The dolls were shown to us by the maker's daughter, Miss Pearl Mill. Miss Mill explained that her father played the concertina for the regular round of "house parties" that made up the social life of many of the small towns on the South Coast where the family lived, at the time. However the dolls were never used in public performances and only rarely shown to the family.

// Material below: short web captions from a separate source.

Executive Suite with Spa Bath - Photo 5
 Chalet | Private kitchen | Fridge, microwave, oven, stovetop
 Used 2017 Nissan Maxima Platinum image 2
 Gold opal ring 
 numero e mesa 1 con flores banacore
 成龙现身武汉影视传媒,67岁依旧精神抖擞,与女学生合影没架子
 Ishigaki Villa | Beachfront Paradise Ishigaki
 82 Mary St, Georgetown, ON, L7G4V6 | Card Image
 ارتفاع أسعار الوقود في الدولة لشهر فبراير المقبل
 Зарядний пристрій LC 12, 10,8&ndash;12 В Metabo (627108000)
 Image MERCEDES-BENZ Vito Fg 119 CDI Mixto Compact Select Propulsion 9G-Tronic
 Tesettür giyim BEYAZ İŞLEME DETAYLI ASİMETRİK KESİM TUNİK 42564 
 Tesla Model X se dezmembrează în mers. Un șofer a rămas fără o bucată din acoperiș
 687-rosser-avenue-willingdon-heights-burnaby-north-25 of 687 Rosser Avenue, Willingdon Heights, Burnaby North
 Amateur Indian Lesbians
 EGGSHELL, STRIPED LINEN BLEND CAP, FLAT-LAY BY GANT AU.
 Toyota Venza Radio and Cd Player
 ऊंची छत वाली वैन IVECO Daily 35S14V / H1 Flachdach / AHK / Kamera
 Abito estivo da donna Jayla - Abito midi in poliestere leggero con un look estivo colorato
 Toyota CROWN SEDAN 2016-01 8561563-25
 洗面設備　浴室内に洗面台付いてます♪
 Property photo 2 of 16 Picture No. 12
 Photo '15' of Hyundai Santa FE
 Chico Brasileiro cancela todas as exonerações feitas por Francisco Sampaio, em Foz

Charles Mill played for the Lancers, the Waltz Cotillion and the Alberts, among other dances, and all without reading a note of music. The popular American tunes such as "Marching Through Georgia", "Battle of Gettysburg", "Old Black Joe" and "Take Me Back To Old Virginny" were all played in strict dance time. Pearl remembers his playing for the send-off, for World War I soldiers, at the School of Arts Hall in Jilliby (near Wyong, north of Sydney). I was surprised to learn that Pearl and her sister were not allowed to go to the dances at which her father played, nor were they allowed to touch the concertina, which is a Lachenal metal-ended two-row 'Anglo' (in Bb and F) and must have cost their father a lot of money to buy in the first place, but they were allowed to play the cheaper accordion and Pearl was quite proficient at "God Save The King" and several hymns.

The dancing dolls are a fine example of traditional woodcarving and toymaking. They and their costumes are a valuable historical record.

Thanks to our host David Harris and to Pearl Mill for showing us the dolls and telling us about them.

David Johnson


Bob Bolton added the following background commentary:

These dolls extend from the well-known British tradition of "Jig dolls", Incorporating a number of significant improvements. The "jig doll" is usually made of flat wood, with fairly limited articulation of limbs and with clothing and features merely painted in. The doll is fixed to a rod and played by jiggling it on a board (which is anchored by the player sitting on it).

These dolls are far more detailed, better dressed and have the great advantage of being able to be played by the movement of the knee, as the player taps his foot, in time with his concertina or accordion.

This illustration, from an old music shop cover for a 78 rpm record in the collection of Malcolm Clapp, shows an original (if ad hoc) approach to the problem of playing an accordion (in this case, a Flutina, an ancestral melodeon) at the same time as a pair of "jig dolls".

Bob Bolton

Other References

Project Gutenberg has the following image of dancing dolls in an engraving from the book 'The Works of William Hogarth: In a Series of Engravings With Descriptions, and a Comment on Their Moral Tendency' by John Trusler.

the dolls are being operated by the piper in the lower left corner.

Wikipedia lists them as Limberjacks: http://en.wikipedia.org/wiki/Limberjack,
and as Jig dolls: http://en.wikipedia.org/wiki/Jig_doll.
These entries are proposed to be merged, but there is current discussion as to which title is to be the primary one.